The triplet flow that Migos popularized and deploy on "Walk It Talk It" is itself a formal enactment of the song's thematic content. The rhythmic pattern is relentless and precise, requiring exact execution to land properly. A performer who could not execute the flow with technical consistency would fail visibly. The flow is thus a performance of the very quality the song advocates: the ability to do what you say you can do, at the level of technical execution as well as thematic content. Form and content are aligned in a way that rewards attention to how the song is delivered as much as what it says.

Murda Beatz's production contributes to the meaning in a more atmospheric way. The melodic elements of the beat have a buoyant, forward-moving quality that suggests momentum and confidence rather than aggression or anxiety. This is important because trap music as a genre is sometimes associated primarily with the latter qualities, and "Walk It Talk It" represents a strand of the genre that emphasizes the celebration of achievement rather than the navigation of threat. The sonic environment the production creates is one in which the song's claims about success feel credible because the music itself sounds like success.

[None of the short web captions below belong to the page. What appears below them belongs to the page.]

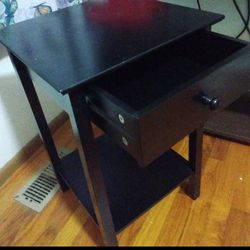 Side Table -Cash Only 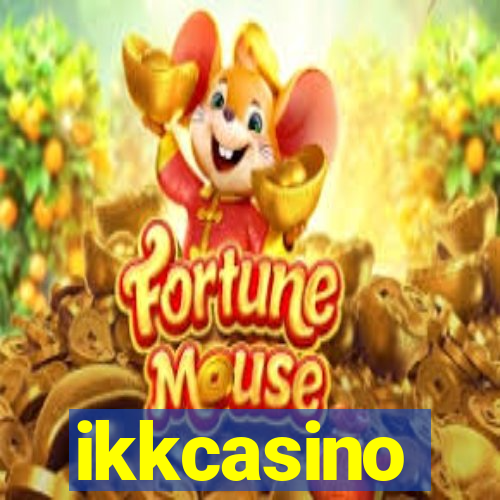 ikkcasino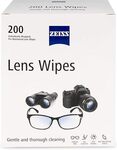 [Prime] Zeiss Lens Wipes 200-Pack for $18.66 Delivered @ Amazon US via AU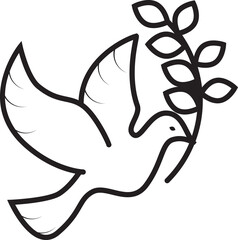 Peace Icon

The cultural moment of the song's release in early 2018 also contributed to its meaning. Migos were at a genuine peak of commercial and cultural influence, and "Walk It Talk It" arrived as confirmation rather than aspiration. The group was not making promises about where they intended to be; they were documenting where they already were. This retrospective quality, rare in a genre that often speaks in future tense, gave the song a particular authority. It was not a statement of intention but a statement of fact, which is the most convincing form of walking your talk.

The 1970s visual aesthetic of the music video adds a layer of meaning by connecting the song's themes to the Black cultural tradition of public self-presentation and style that was crystallized in soul and funk culture of that era. The deliberate elegance and swagger of the video's aesthetic argues that the qualities Migos embody are not new but belong to a long lineage of Black American self-assertion through style and music. This historical connection gives the song's contemporary content a depth and continuity that transcends its specific moment of production.